Dr. Katherine Matheson is a Child and Adolescent Psychiatrist at the Children’s Hospital of Eastern Ontario (CHEO) and an Assistant Professor at the University of Ottawa. She completed her medical school and residency training at Dalhousie University in Halifax, with additional fellowship training in Ottawa and Toronto. Dr. Matheson is the co-lead of the CHEO Infant and Early Childhood team and is passionate about working with young children and their families. She is a proponent of trauma-informed care and is focused on education/research predominantly in the area of infant mental health and adverse early experiences.

Genevieve Brabant is a bilingual Social Worker (MSW, RSW) with twenty years of experience in child, youth, and family mental health, including seven years of management experience in clinical settings and over five years of teaching experience at the college level. Her practice is anchored in a structural, anti-oppressive and trauma-informed framework, as well as an attachment-based, developmental, and family-centered approach to helping children, youth, families, and communities reach their full potential.

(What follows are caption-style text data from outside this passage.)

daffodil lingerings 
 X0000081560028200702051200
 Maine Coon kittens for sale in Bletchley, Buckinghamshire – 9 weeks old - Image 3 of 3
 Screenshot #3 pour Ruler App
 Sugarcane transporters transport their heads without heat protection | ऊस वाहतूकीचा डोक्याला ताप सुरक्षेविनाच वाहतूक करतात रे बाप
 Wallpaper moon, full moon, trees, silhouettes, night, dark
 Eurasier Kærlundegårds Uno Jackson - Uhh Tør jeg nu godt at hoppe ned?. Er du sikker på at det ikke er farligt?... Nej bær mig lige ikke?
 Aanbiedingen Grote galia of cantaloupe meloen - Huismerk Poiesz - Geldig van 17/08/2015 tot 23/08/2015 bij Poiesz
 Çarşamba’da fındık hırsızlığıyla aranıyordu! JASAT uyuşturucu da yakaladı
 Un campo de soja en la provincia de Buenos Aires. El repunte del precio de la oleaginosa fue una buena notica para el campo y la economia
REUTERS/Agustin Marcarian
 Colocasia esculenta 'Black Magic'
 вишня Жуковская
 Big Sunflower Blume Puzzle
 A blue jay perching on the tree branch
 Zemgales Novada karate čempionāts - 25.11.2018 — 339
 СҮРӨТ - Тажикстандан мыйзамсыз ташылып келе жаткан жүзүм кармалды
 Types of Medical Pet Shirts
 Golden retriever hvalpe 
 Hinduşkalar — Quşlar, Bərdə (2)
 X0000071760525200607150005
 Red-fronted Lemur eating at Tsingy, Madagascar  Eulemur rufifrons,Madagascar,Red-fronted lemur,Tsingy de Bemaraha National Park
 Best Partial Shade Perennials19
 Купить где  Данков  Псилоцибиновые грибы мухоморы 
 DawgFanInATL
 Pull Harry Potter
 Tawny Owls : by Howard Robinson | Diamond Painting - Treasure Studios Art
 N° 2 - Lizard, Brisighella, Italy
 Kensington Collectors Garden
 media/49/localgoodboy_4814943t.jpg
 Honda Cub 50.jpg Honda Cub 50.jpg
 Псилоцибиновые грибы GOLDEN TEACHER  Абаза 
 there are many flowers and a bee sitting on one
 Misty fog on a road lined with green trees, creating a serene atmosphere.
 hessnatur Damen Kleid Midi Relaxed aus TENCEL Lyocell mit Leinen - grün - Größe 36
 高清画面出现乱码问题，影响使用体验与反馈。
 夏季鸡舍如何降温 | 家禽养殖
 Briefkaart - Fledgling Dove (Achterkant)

Geneviève’s role within IECMH at CHEO is to provide clinical services as well as program coordination to achieve the program’s vision and goal: to establish a permanent clinical academic IECMH Service that provides clinical care, knowledge mobilization and advances the science of IECMH through research. In her spare time, Genevieve enjoys spending time with her family, being physically active and learning about health and nutrition.

Heather Bragg, MSW, RSW, is a social worker in clinical practice based in Ottawa, ON. For the past decade, she has been worked mental health at the Children’s Hospital of Eastern Ontario (CHEO), specifically in the Emergency Department, Abuse and Trauma team, school-based day treatment program, Outpatient Mental Health program, and the Infant and Early Childhood Mental Health Team. Heather has also received training and worked at other local agencies, including The Royal Ottawa Mental Health Centre and the Youth Services Bureau (YSB). In addition to her clinical work, she actively engages in research across various domains, such as depression screening, family-based treatment for teenagers, and online group intervention. Heather is proud to be the winner of the 2019 Airdrie Thompson Guppy Award for Excellence in Social Work at CHEO.

Dasa Farthing is a Clinical Manager with the Mental Health Department at CHEO. Previously she was a Project Manager with South-East Ottawa Community Health Centre and was a Project Manager of Central Ottawa HealthLinks. HealthLinks was an innovative care coordination model for complex care that supported the development of current Ontario Health Teams. She is a passionate advocate of client-centred/strengths-based approaches to providing care and improving the overall quality of services in the healthcare system. She holds a Master’s degree in Psychiatry from McGill University and a Bachelor’s degree in Criminology, Law and Sociology from Carleton University, where she was also captain of the Carleton University Varsity Basketball Team. She was a member of the National Jr. Slovak Women’s Basketball Olympic Team in Moscow, Russia.